Maya: There are still some barriers between members from overseas and members from Japan. There will always be some differences with language and nationality, but I want everyone to feel a sense of unity as Mercari employees. To do so, I want to make systems to help improve the issues we face in our work. GOT takes part in all sorts of meetings and works with many different teams. I think we should pay attention to the issues we see and create systems to solve them. I want to make our work accessible to everyone rather than being overly dependent on individuals.
– This sounds really reassuring for members joining from overseas in the future.
Maya: I want to tell everyone that GOT acts as a bridge to help. We’re not just here to support members coming from overseas, but to help everyone. Mercari has many people who are willing to meet in the middle. I want to work together with the rest of my team to support the company and help that culture grow.
Born in Hokkaido. Attended elementary school in Japan before moving to the US. Lived in Minnesota from the age of 10, and after graduating from university in 2004, worked in Sendai City as a Coordinator for International Relations, where she handled translation, interpretation, and planning of international exchange events.
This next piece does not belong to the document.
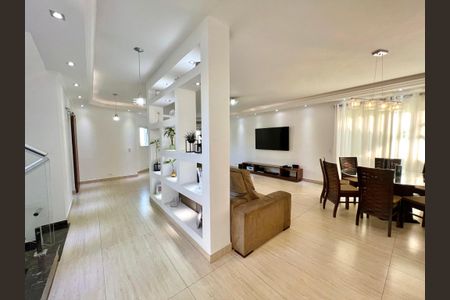 Foto 04 de casa de condomínio à venda com 4 quartos, 308m² em Residencial Tres (Alphaville), Santana de Parnaíba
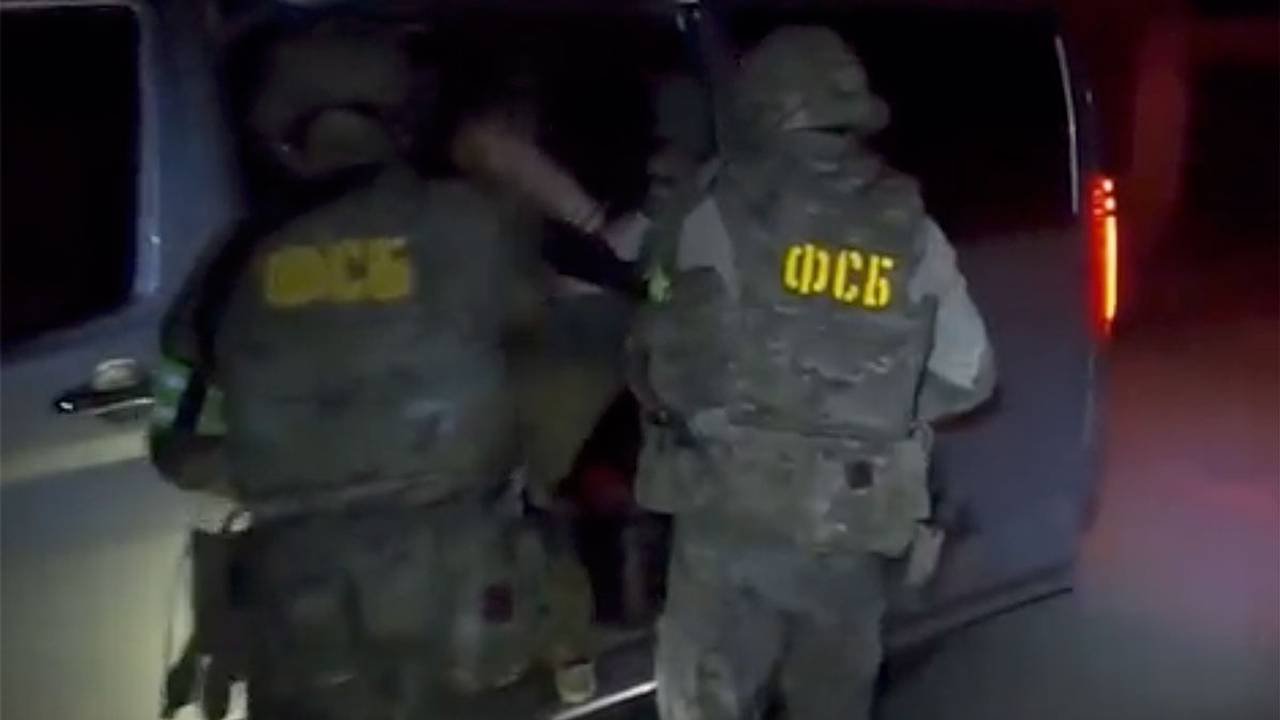 ФСБ пресекла масштабную серию терактов с использованием FPV-дронов. В Россию их переправили при помощи аэростатов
In 2008, she began work as a relocation consultant at a company supporting people transferred to Tokyo from overseas. Starting in 2011, she worked for four years at LIFULL Co., Ltd. as an executive assistant to the CEO and a member of the international operations division, and in 2015, moved to Bangkok where her husband was transferred. There, she worked as a volunteer in PR for a local NPO. In 2017, she returned to Japan, and joined Mercari. She is a member of Merpay’s Global Operations Team, which handles translation and interpretation.